## TASK REQUIREMENTS
Working from the data below, write out exactly the lines from its first through the line that contains "Fototapeta premium Bike", both ends included and pictures omitted.

## Web page caption snippets
******************************

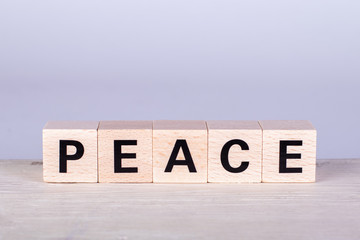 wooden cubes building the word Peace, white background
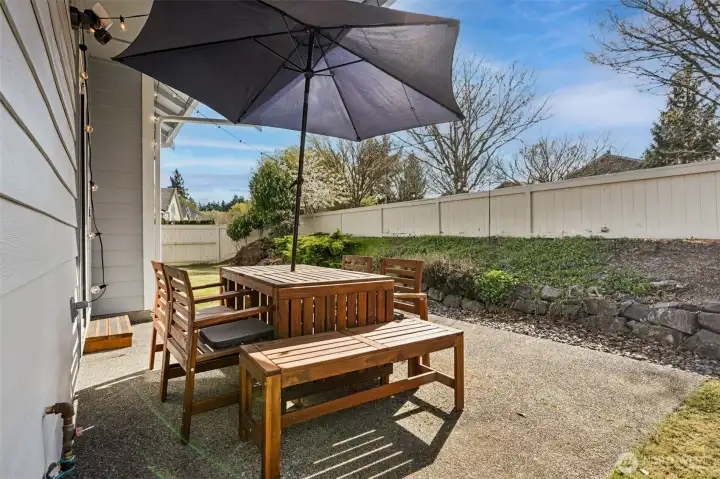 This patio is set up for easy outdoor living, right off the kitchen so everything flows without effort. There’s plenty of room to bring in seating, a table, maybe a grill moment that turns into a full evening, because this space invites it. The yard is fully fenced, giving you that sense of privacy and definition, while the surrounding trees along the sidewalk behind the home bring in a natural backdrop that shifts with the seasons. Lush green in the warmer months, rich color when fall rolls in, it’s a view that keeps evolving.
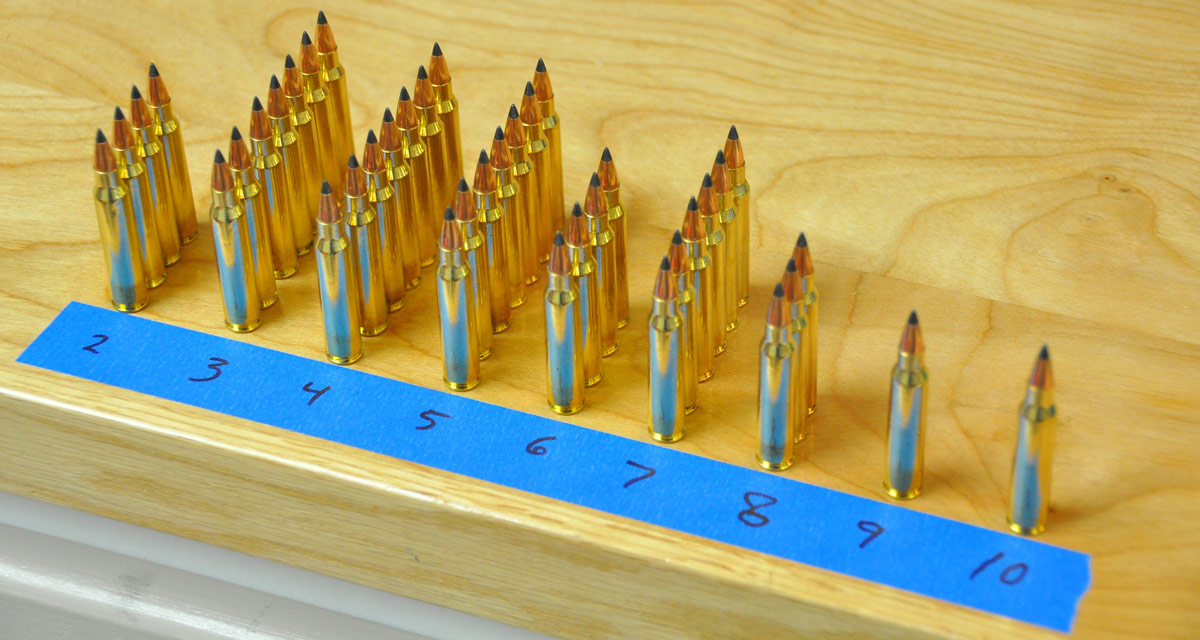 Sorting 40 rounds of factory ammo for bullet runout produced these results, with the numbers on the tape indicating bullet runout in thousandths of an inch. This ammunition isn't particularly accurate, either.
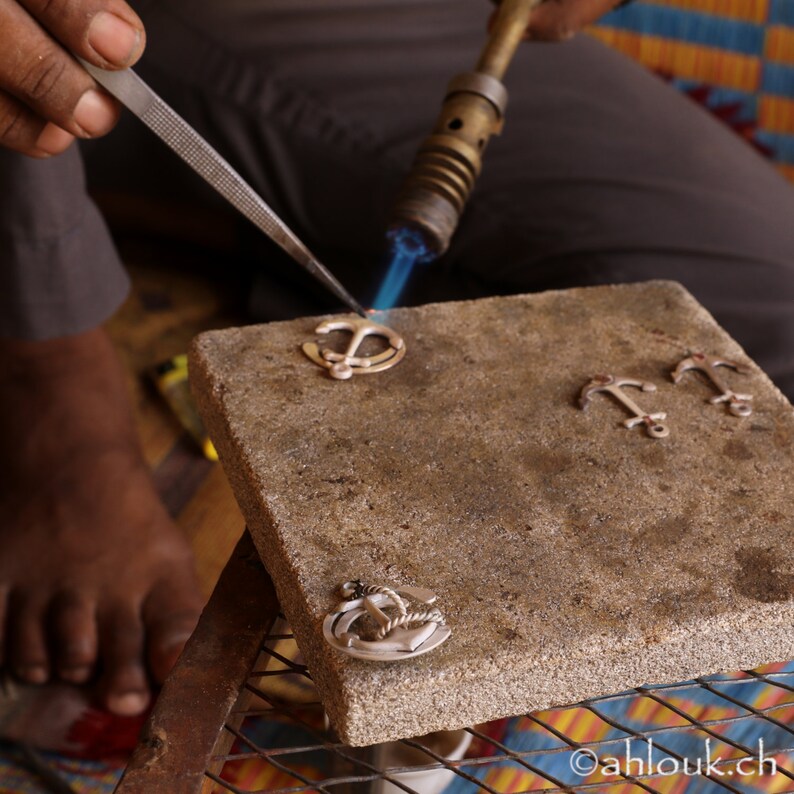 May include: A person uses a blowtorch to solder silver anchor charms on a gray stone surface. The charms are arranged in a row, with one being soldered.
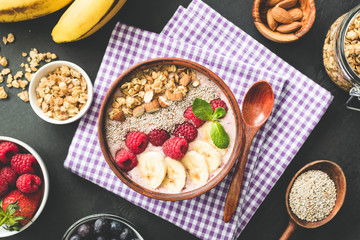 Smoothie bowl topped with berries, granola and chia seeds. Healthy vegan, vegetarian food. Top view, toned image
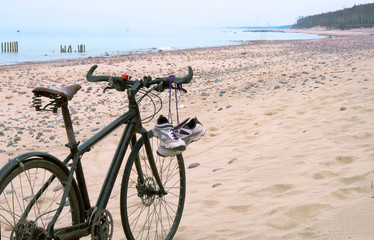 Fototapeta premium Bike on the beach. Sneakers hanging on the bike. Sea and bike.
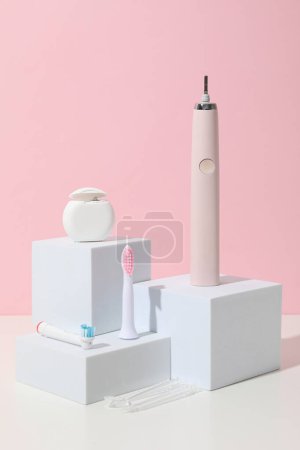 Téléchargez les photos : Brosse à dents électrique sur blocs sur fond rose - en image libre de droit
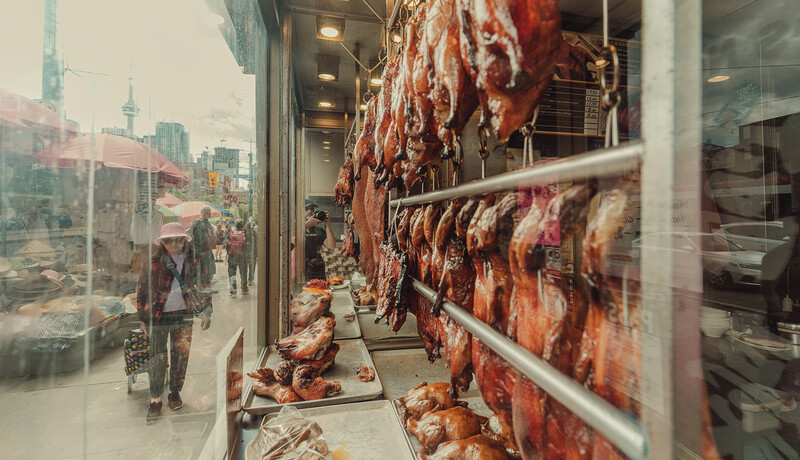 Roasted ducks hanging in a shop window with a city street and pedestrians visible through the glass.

******************************

## ANSWER SPACE
 wooden cubes building the word Peace, white background
 This patio is set up for easy outdoor living, right off the kitchen so everything flows without effort. There’s plenty of room to bring in seating, a table, maybe a grill moment that turns into a full evening, because this space invites it. The yard is fully fenced, giving you that sense of privacy and definition, while the surrounding trees along the sidewalk behind the home bring in a natural backdrop that shifts with the seasons. Lush green in the warmer months, rich color when fall rolls in, it’s a view that keeps evolving.
 Sorting 40 rounds of factory ammo for bullet runout produced these results, with the numbers on the tape indicating bullet runout in thousandths of an inch. This ammunition isn't particularly accurate, either.
 May include: A person uses a blowtorch to solder silver anchor charms on a gray stone surface. The charms are arranged in a row, with one being soldered.
 Smoothie bowl topped with berries, granola and chia seeds. Healthy vegan, vegetarian food. Top view, toned image
 Fototapeta premium Bike on the beach. Sneakers hanging on the bike. Sea and bike.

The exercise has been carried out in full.